Muhtemelen çocukluğunda hiç Counter Strike oynanamamış bir gencimiz, şiddet sarmalından kurtulamamış, ne yazık!

Şimdi haberlerde denk gelip duruyorum okul katliamı yapıp bilmem kaç kişiyi öldüren çocuk haberlerini. Mesele hep sonunda aynı yere bağlanıyor. “Şiddet içerikli bilgisayar oyunlarına çok meraklıymış”. Hah yani! Bilgisayar oyunu oynamasa melek gibi çocuk olacakmış! Yine aynı uzmanlar yine aynı zırvalar.

Bu sanırım büyüklerin yanılsaması en çok, çocuklar oyunla gerçek hayatı ayırabiliyor gayet, ayıramayan biziz. Misal ben küçükken Süper Mario oynardım hep ama musluk tamircisi olmaya heveslenmedim. Yani düşünün işte çocukluğunuzdaki oyunları, hangisi şiddet içermiyordu ki. Hem bi saniye, şiddetsiz oyun mu olur yahu, teletabi mi oldunuz hepiniz.
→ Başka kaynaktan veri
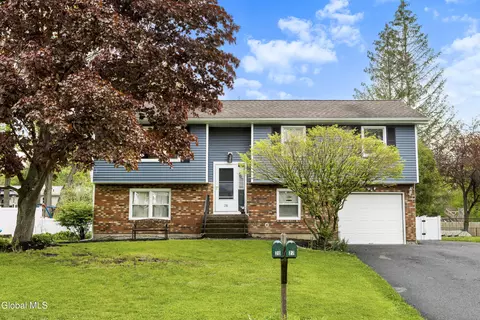28 Vista Ln, Selkirk, NY 12158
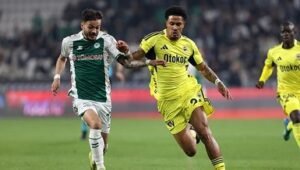 PSG interested in signing Jayden!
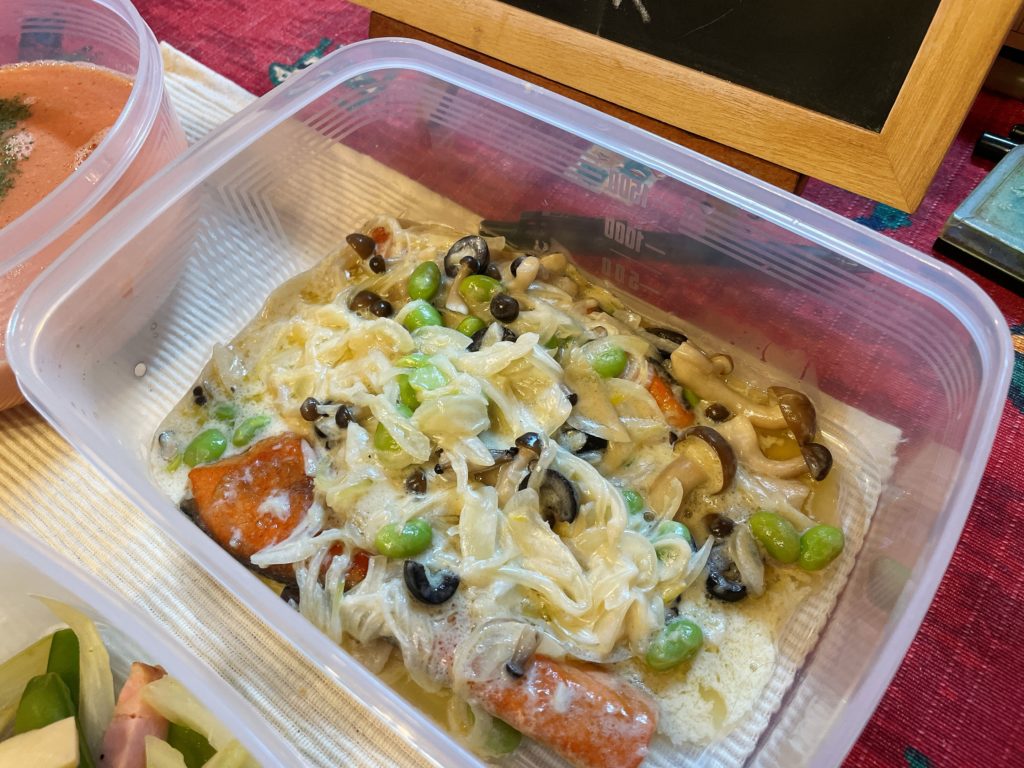 料理教室マンツーマン鮭ガーリッククリーム煮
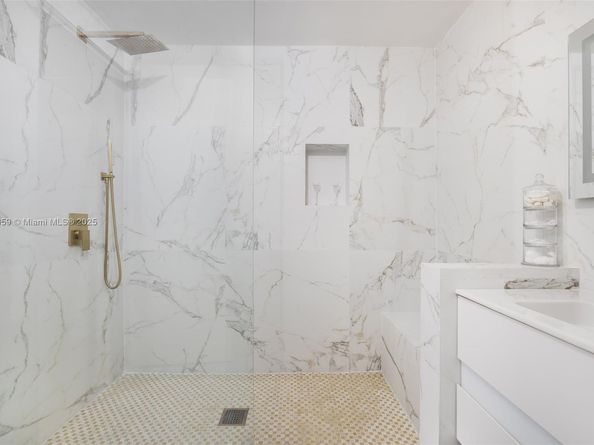 528 Sevilla Ave, Coral Gables FL 33134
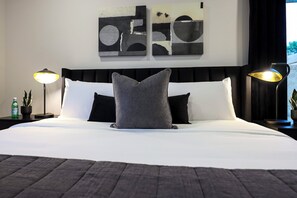4 chambres, fer et planche à repasser, lit parapluie, Wi-Fi gratuit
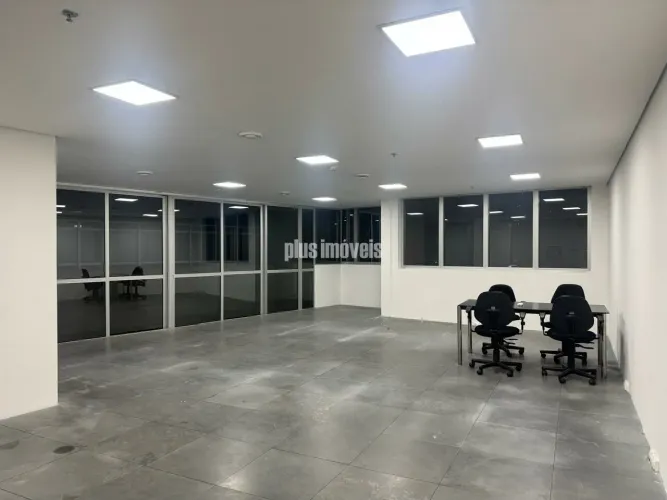 Conjunto Comercial em Vila Andrade com 85 metros 3 vagas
Sorun büyüklerin sanal dünyayla gerçekliği karıştırması sanırım. Hem o kadar salağız ki mesela silah kullanan adam görüntüsü çocuklar için sakıncalı bulunmuyor ama kan görüntüsü yasak. Şiddeti neden sonuç ilişkisinden koparırsanız işte o zaman çocukları psikopat edersiniz. Tetik çekildiyse ve karşıda bir adamın kafası varsa, o kafa patlar arkadaş, kafa beyin filan saçılır yere. Çocuğa bir şeyi izletmeyeceksen tetiğin çekilmesini kristalle. Ya da çiçekle ne biliyim!
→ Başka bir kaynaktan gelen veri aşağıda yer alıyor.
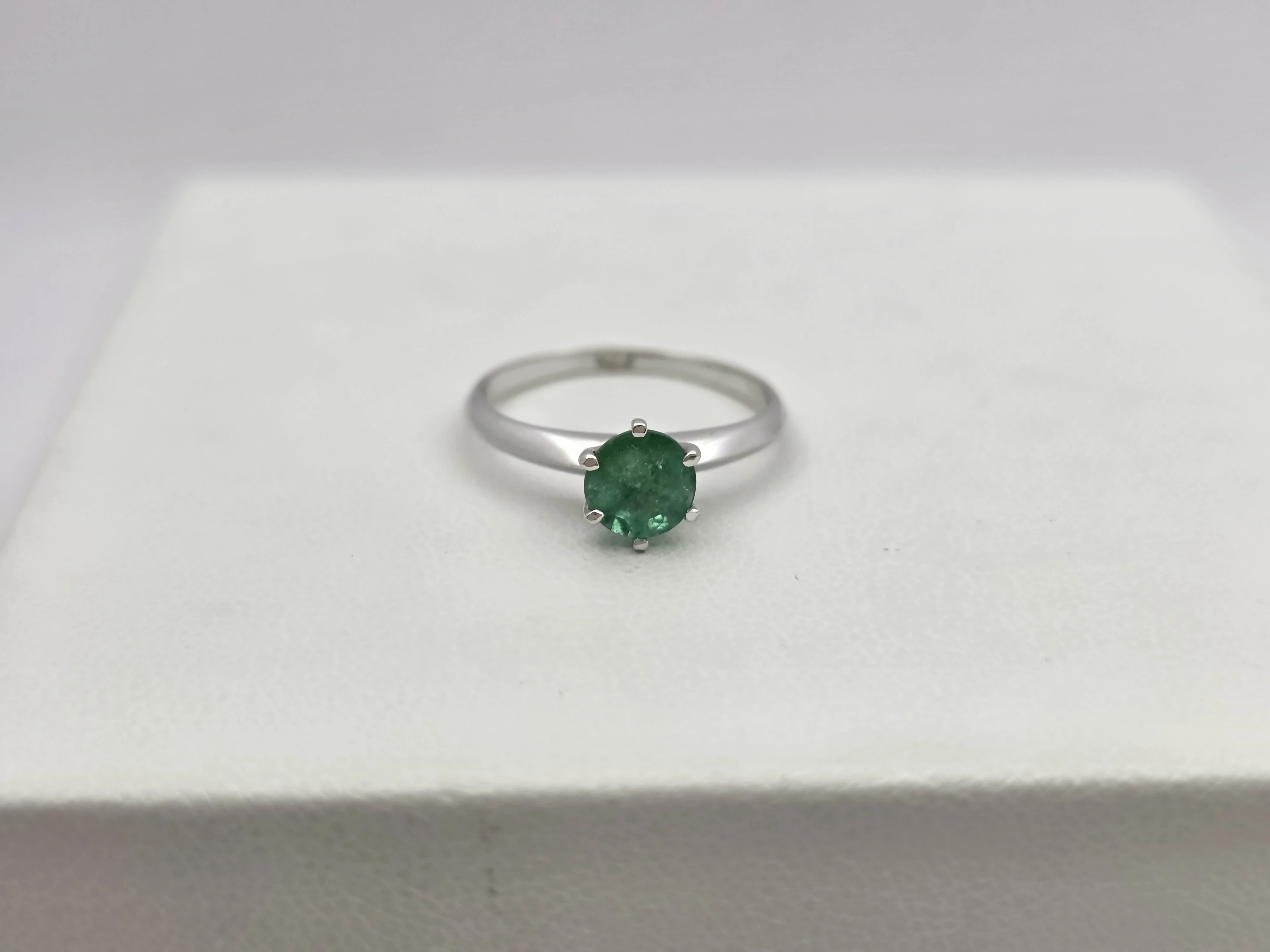 pierscionek-z-bialego-zlota-szmaragd-585-14k-r12-174g-waga-129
Şimdi bırakalım, bilgisayar oyununu filan. Bir bilgisayar oyununu oynamayı çocuğuna yasaklayarak vicdanını rahatlatmasın kimse. Şiddetten arındıramazsınız çocukları; sokaklar, meydanlar, insanlar, polisler, şoförler… hepsi şiddetle dolup taşmış. Sadece şiddeti bir otorite aracı kullanmanın kötü bir şey olduğunu anlatabilirsiniz belki. Ama işte çelişki de orda başlıyor ya. Neredeyse tüm otoriteler şiddet kullanarak otorite oluyor ve çoğumuz onlara tapıyoruz. Çocuklar ne yapsın!